---------- Data provided ----------

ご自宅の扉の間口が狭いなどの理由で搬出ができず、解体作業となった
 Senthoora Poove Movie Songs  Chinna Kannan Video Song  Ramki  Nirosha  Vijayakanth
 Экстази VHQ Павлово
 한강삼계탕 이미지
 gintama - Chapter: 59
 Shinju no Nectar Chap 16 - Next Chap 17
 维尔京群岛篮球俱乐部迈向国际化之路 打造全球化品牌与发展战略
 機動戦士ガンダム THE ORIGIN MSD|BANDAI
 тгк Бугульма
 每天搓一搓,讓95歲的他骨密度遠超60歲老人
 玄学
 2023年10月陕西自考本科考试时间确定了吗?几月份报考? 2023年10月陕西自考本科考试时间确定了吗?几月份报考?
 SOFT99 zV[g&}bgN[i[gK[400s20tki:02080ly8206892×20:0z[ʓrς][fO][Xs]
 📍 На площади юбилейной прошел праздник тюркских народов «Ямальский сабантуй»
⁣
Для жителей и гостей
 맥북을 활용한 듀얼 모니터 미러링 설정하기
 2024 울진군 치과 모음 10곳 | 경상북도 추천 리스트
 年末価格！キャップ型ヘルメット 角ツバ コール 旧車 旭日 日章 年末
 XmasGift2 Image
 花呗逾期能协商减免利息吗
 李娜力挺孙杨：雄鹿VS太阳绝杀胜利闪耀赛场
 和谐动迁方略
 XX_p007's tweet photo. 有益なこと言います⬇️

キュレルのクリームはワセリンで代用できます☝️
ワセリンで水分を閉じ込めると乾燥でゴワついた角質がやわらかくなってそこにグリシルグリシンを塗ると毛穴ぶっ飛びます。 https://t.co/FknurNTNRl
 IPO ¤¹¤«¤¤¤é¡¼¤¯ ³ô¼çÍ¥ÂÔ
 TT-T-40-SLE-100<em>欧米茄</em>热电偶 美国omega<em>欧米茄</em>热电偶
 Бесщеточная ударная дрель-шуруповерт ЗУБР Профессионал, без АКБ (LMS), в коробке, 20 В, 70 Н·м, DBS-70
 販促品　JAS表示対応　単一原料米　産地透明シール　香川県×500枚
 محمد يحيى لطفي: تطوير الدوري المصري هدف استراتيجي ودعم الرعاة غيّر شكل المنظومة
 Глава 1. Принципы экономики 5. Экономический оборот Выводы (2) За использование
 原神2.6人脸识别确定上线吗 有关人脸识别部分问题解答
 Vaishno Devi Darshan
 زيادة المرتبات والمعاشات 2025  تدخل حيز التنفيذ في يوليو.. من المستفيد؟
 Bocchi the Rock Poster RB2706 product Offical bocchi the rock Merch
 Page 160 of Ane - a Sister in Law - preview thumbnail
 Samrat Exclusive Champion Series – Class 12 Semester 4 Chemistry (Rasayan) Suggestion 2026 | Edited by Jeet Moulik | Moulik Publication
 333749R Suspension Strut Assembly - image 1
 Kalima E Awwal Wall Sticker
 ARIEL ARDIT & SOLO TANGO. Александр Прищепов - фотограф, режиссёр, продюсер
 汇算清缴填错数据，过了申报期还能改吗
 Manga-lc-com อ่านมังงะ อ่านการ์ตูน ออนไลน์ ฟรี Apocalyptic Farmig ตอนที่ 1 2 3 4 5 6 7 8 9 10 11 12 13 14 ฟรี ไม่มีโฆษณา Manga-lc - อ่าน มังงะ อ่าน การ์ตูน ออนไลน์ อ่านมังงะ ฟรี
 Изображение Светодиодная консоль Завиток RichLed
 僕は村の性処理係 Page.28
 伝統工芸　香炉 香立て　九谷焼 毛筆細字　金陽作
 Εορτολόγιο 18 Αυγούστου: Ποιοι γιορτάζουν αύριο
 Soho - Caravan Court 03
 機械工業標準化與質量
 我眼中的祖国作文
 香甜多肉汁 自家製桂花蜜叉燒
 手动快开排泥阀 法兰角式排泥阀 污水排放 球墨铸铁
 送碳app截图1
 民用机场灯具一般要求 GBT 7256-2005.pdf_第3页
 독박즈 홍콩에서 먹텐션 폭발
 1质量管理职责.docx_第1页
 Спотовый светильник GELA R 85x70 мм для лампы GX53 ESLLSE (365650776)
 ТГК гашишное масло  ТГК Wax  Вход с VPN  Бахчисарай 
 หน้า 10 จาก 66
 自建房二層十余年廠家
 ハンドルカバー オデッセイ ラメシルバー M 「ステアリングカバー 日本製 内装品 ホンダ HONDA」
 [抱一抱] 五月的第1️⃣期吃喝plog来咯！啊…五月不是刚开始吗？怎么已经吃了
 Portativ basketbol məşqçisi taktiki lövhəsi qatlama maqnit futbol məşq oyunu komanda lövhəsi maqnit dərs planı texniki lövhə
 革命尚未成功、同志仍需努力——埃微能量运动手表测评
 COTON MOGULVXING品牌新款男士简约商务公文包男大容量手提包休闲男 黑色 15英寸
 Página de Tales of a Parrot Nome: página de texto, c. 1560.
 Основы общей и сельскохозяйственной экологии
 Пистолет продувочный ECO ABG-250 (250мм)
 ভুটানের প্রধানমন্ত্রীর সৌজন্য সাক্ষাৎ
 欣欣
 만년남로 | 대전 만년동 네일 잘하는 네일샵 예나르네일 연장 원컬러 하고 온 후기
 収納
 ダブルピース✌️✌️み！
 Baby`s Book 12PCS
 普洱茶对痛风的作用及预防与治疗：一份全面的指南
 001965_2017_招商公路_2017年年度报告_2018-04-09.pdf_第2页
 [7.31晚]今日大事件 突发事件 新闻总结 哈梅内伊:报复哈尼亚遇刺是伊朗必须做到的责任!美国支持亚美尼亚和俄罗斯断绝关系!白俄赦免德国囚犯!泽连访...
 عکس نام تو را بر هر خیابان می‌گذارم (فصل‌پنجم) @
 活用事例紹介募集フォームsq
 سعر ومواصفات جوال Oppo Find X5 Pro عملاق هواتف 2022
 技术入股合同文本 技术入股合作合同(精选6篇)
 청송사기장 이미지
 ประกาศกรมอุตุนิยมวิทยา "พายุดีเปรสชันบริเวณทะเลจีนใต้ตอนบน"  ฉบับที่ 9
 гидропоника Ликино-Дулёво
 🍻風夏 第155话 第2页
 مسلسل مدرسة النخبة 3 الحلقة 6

----------

▶ **What you need to do**: Write out exactly each line of the entries, starting at the one containing "ТГК гашишное масло" and finishing with the last line.

▶ **Response area**:
 ТГК гашишное масло  ТГК Wax  Вход с VPN  Бахчисарай 
 หน้า 10 จาก 66
 自建房二層十余年廠家
 ハンドルカバー オデッセイ ラメシルバー M 「ステアリングカバー 日本製 内装品 ホンダ HONDA」
 [抱一抱] 五月的第1️⃣期吃喝plog来咯！啊…五月不是刚开始吗？怎么已经吃了
 Portativ basketbol məşqçisi taktiki lövhəsi qatlama maqnit futbol məşq oyunu komanda lövhəsi maqnit dərs planı texniki lövhə
 革命尚未成功、同志仍需努力——埃微能量运动手表测评
 COTON MOGULVXING品牌新款男士简约商务公文包男大容量手提包休闲男 黑色 15英寸
 Página de Tales of a Parrot Nome: página de texto, c. 1560.
 Основы общей и сельскохозяйственной экологии
 Пистолет продувочный ECO ABG-250 (250мм)
 ভুটানের প্রধানমন্ত্রীর সৌজন্য সাক্ষাৎ
 欣欣
 만년남로 | 대전 만년동 네일 잘하는 네일샵 예나르네일 연장 원컬러 하고 온 후기
 収納
 ダブルピース✌️✌️み！
 Baby`s Book 12PCS
 普洱茶对痛风的作用及预防与治疗：一份全面的指南
 001965_2017_招商公路_2017年年度报告_2018-04-09.pdf_第2页
 [7.31晚]今日大事件 突发事件 新闻总结 哈梅内伊:报复哈尼亚遇刺是伊朗必须做到的责任!美国支持亚美尼亚和俄罗斯断绝关系!白俄赦免德国囚犯!泽连访...
 عکس نام تو را بر هر خیابان می‌گذارم (فصل‌پنجم) @
 活用事例紹介募集フォームsq
 سعر ومواصفات جوال Oppo Find X5 Pro عملاق هواتف 2022
 技术入股合同文本 技术入股合作合同(精选6篇)
 청송사기장 이미지
 ประกาศกรมอุตุนิยมวิทยา "พายุดีเปรสชันบริเวณทะเลจีนใต้ตอนบน"  ฉบับที่ 9
 гидропоника Ликино-Дулёво
 🍻風夏 第155话 第2页
 مسلسل مدرسة النخبة 3 الحلقة 6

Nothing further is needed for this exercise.